ローマは1日にして滅びず(2)

紀元410年

西ゴート族によるローマ劫掠

紀元378年の西ゴート族ドナウ渡河から32年、紀元410年8月24日、西ゴート族はアラリックに率いられて都市ローマを包囲しています。(1)で皇帝テオドシウスの側近に取り立てられたあのアラリックです。395年にテオドシウス帝が没するとアラリックと東ローマ帝国政府との間は一挙に冷え切りました。テオドシウスが残した男子はホノリウスとアルカディウスの2人。ホノリウスは西ローマ帝国を、アルカディウスは東ローマ帝国を継承しました。しかし、この2人のどちらも父親の賢明さを引き継いでいませんでした。一方、アラリックはトラキア西ゴート族の下に戻って、そこで王に推戴されます。そして東ローマ帝国内を略奪してまわります。



西ローマ帝国の将軍スティリコは軍を率いて、ギリシャを暴れまわっているゴート族を鎮圧しようとしますが、アルカディウス帝の大臣ルフィヌスが領土侵犯だと言って止めさせます。このルフィヌスは悪人で、アラリックに西にもよい獲物があるよ、などとそそのかします。かくして西ゴート族はイタリア侵入、これに対抗できるのはスティリコしかいません。このスティリコ、ヴァンダル族というゲルマンの一部族の出身でしたが、ローマへの強い忠誠心を持っていました。西に侵入してきたアラリックを何回か撃退するのですが、アラリックは逃げのびます。この頃西ローマの首都は都市ローマではなくミラノになっていましたが、この頃さらにラヴェンナに移ります。406年の大晦日、氷結したライン川を渡ったゲルマンの別の部族、ヴァンダル、スエヴィ、アラン族はマインツの防衛線を突破、略奪を繰り返しながらガリア(今のフランス)を越え、イスパニア(スペイン)まで到達します。西帝国がガラガラと崩れていきます。こんな時に西ローマ皇帝ホノリウスはスティリコの謀反を疑って逮捕させ、即、死刑にしてしまいます。まさに最悪のタイミング、この頃のローマを支えていたのはゲルマン人を初めとする蛮族の出身者だというのに。もう彼らはローマを信用しません。

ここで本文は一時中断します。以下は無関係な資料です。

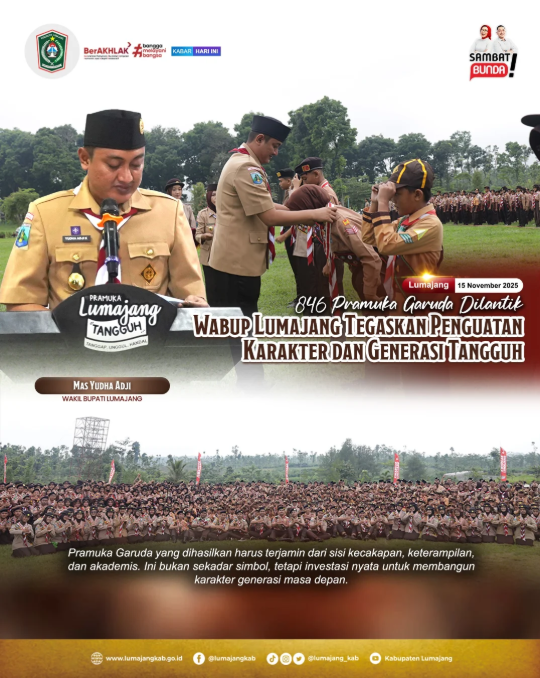 846 Pramuka Garuda Dilantik, Mas Yudha Tekankan Penguatan Karakter dan Generasi Tangguh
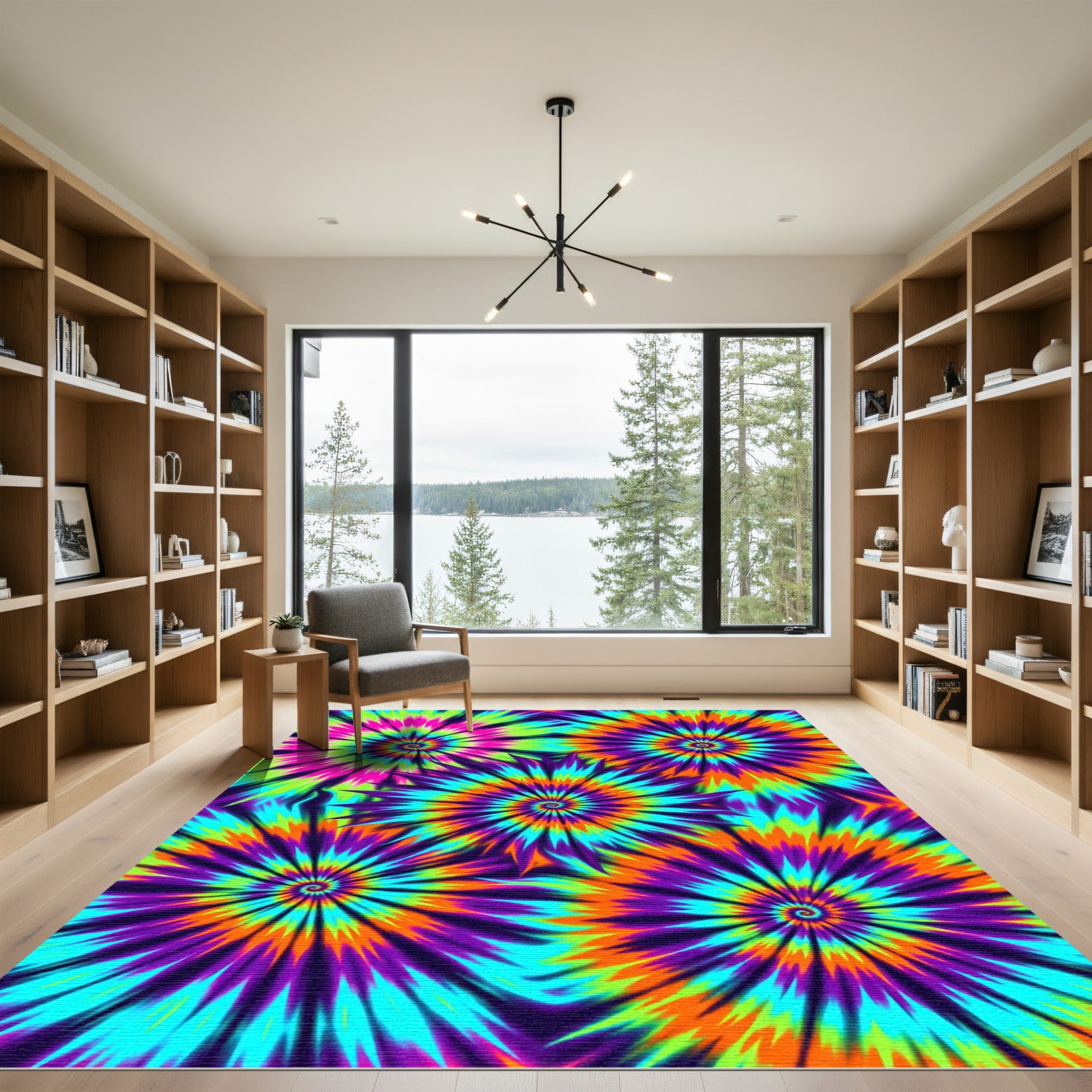 Electric Neon Psychedelic Spiral Burst Rug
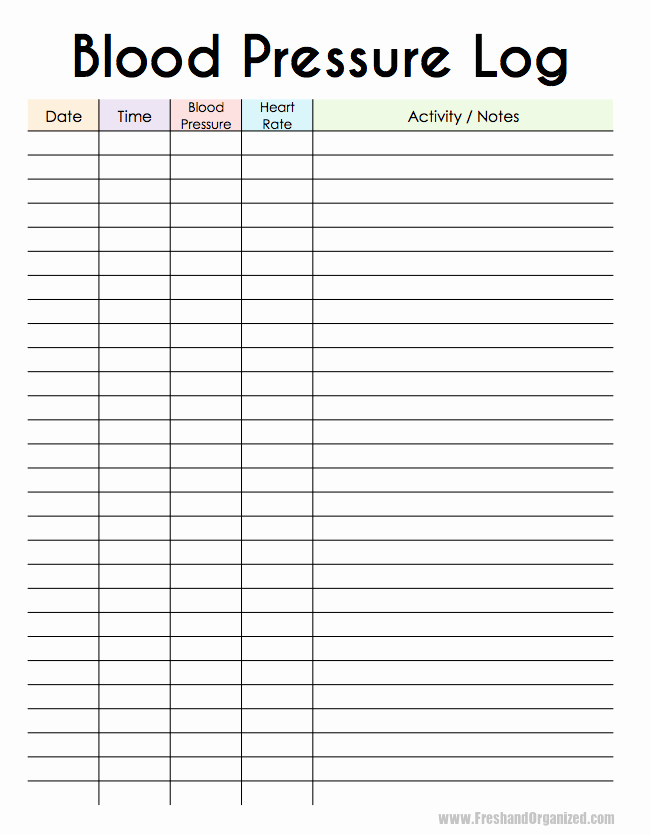 Weight Blood Pressure Heart Rate Chart Printable Kjaomni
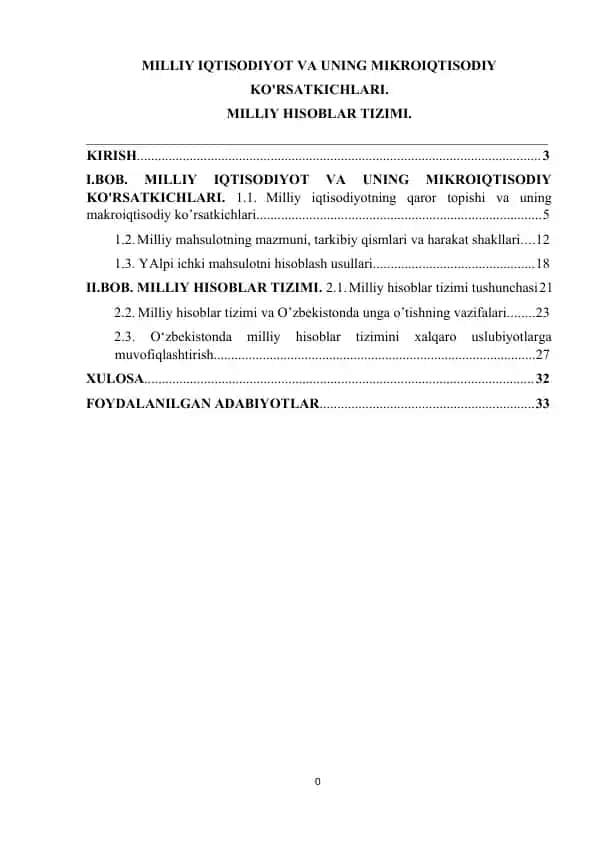 Milliy iqtisodiyot va uning mikro-iqtisodiy ko'rsatkichlari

このような事態の推移をみたアラリックは軍を立て直して都市ローマに進みます。ラヴェンナのホノリウスとの間に和平交渉が試みられましたが決裂。とはいえラヴェンナの政府は少しも救援軍を派遣せず、ラヴェンナに閉じこもったまま。こうして410年8月24日、西ゴート族は永遠の都ローマに侵入。3日間に渡って放火、略奪、暴行が吹き荒れました。



それでもローマは滅びない。その後、アラリックが急死し、新しい指導者アタウルフはゴート族を北へ率い、南フランスに腰を落ち着けました。西帝国の政府はボロボロでしたが、西ゴート族や、侵入したさまざまな部族との間に同盟を結び、帝国内にそれぞれの定住地を提供することで何とか秩序を取り戻したのでした。